DATA SUPPLIED section start

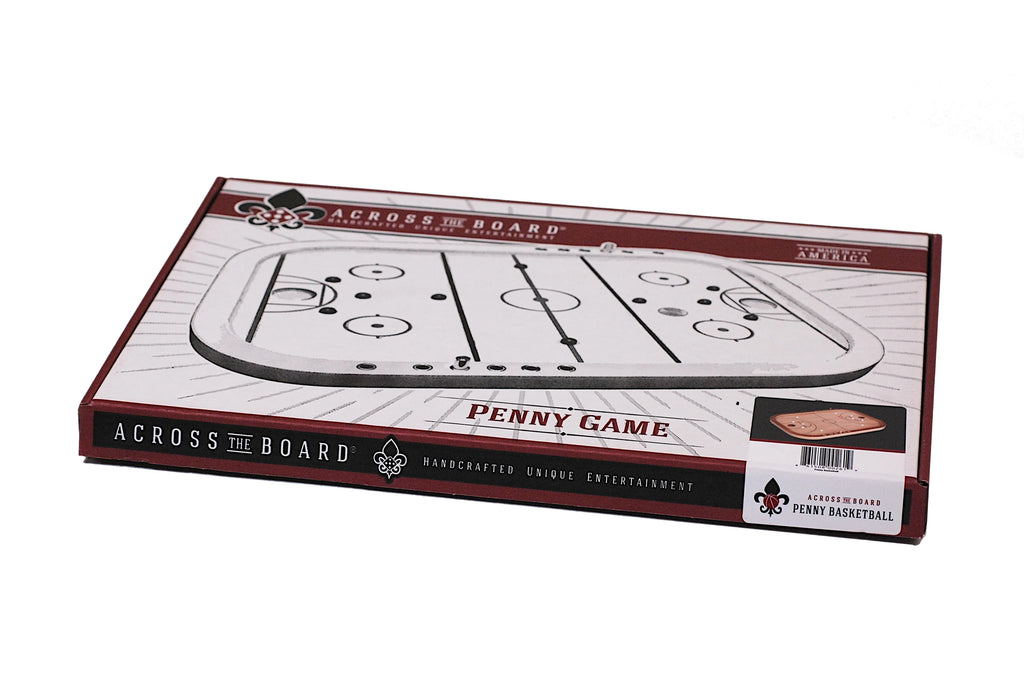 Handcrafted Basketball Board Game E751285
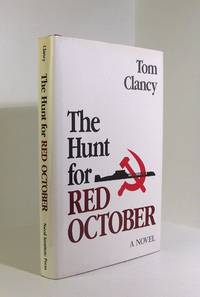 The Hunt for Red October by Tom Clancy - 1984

DATA SUPPLIED section end
DATA SUPPLIED section start

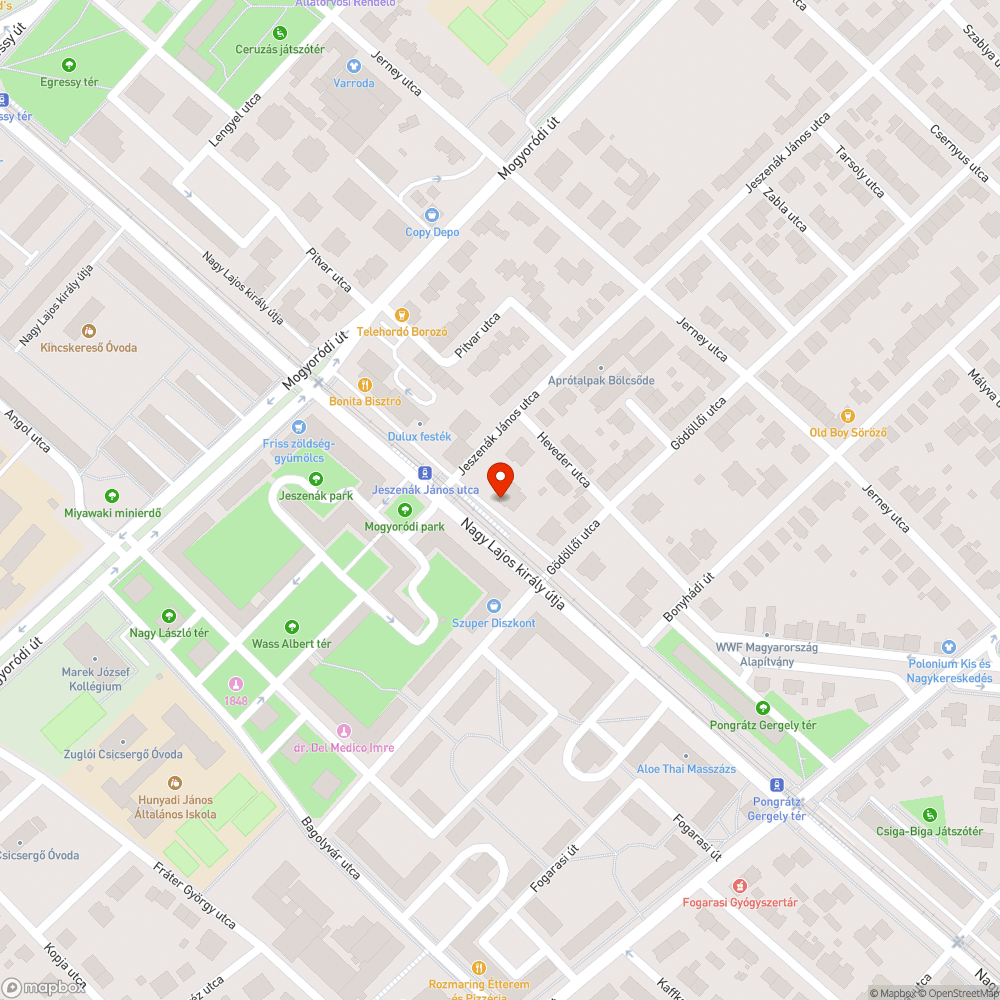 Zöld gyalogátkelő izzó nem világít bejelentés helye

DATA SUPPLIED section end
DATA SUPPLIED section start

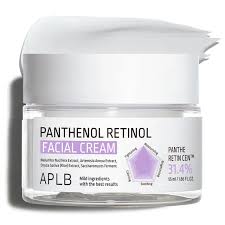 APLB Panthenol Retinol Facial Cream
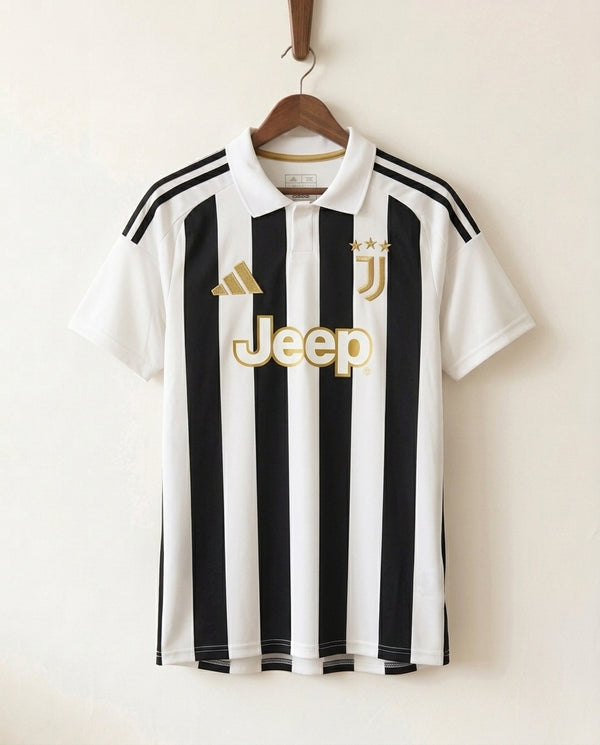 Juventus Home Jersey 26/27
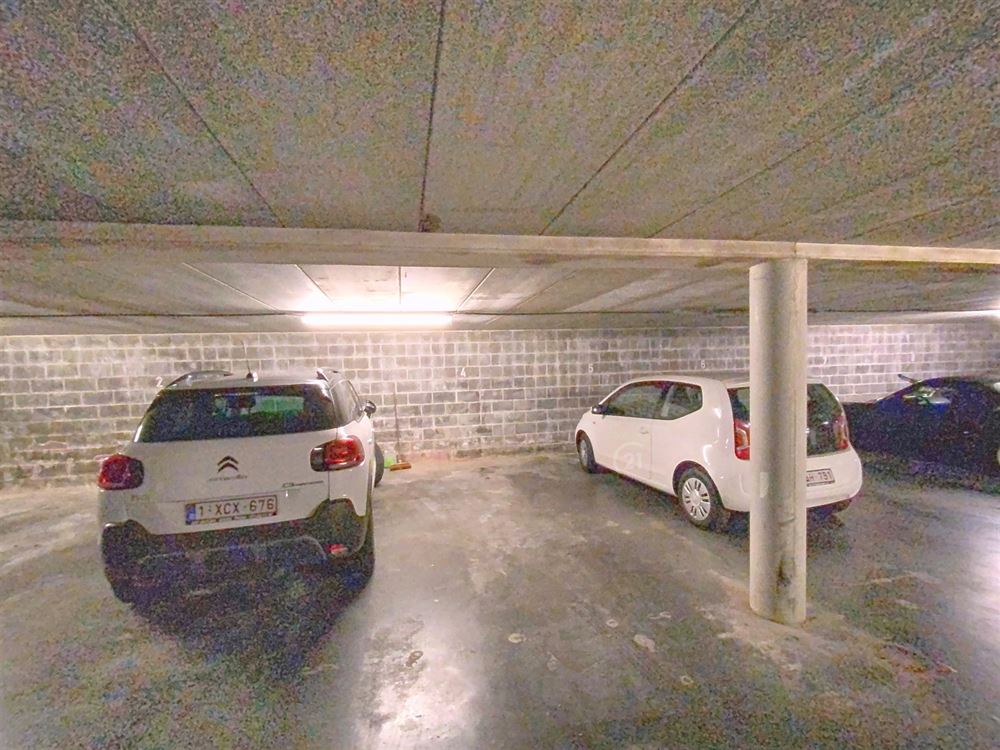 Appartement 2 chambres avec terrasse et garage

DATA SUPPLIED section end

BRIEF
Both the line above containing "Handcrafted Basketball Board Game E751285" and the line containing "The Hunt for" belong in the copy, along with every line between them; print these exactly and omit the pictures.

RESPONSE TO THE EXERCISE
 Handcrafted Basketball Board Game E751285
 The Hunt for Red October by Tom Clancy - 1984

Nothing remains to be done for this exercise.